• **About this task**:
Of the lines in the material below, print only those from the one containing "mukesh khanna, kapil sharma" to the one containing "由 a0983557521 (刊登", ends included, exactly as written and without pictures.

Extracted information below:

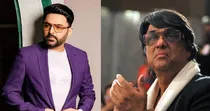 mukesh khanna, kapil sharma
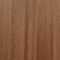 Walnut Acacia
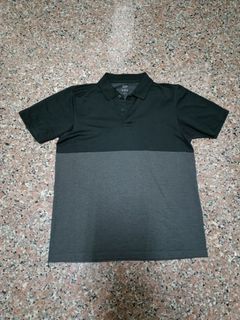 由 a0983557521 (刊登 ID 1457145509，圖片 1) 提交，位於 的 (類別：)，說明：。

End of Extracted information.
Extracted information below:

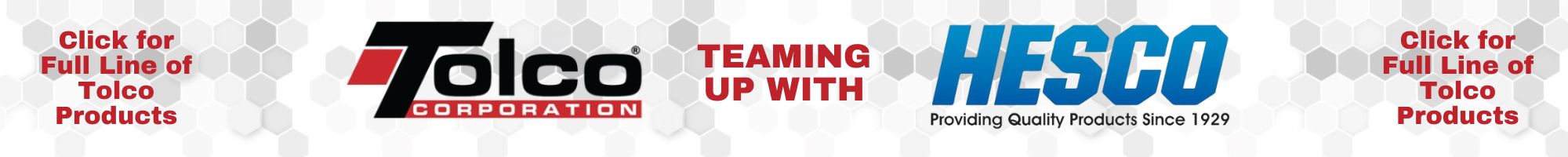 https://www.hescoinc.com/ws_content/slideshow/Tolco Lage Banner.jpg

End of Extracted information.
Extracted information below:

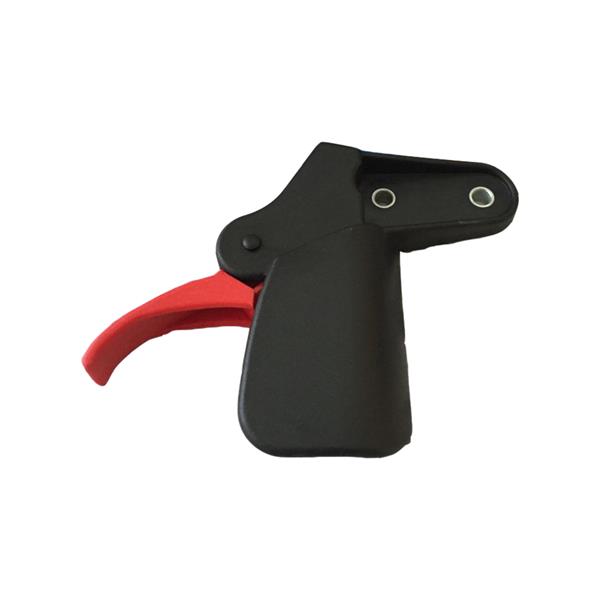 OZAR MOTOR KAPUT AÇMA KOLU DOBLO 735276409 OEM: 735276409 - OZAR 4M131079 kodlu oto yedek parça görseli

End of Extracted information.

• **Task result**:
 mukesh khanna, kapil sharma
 Walnut Acacia
 由 a0983557521 (刊登 ID 1457145509，圖片 1) 提交，位於 的 (類別：)，說明：。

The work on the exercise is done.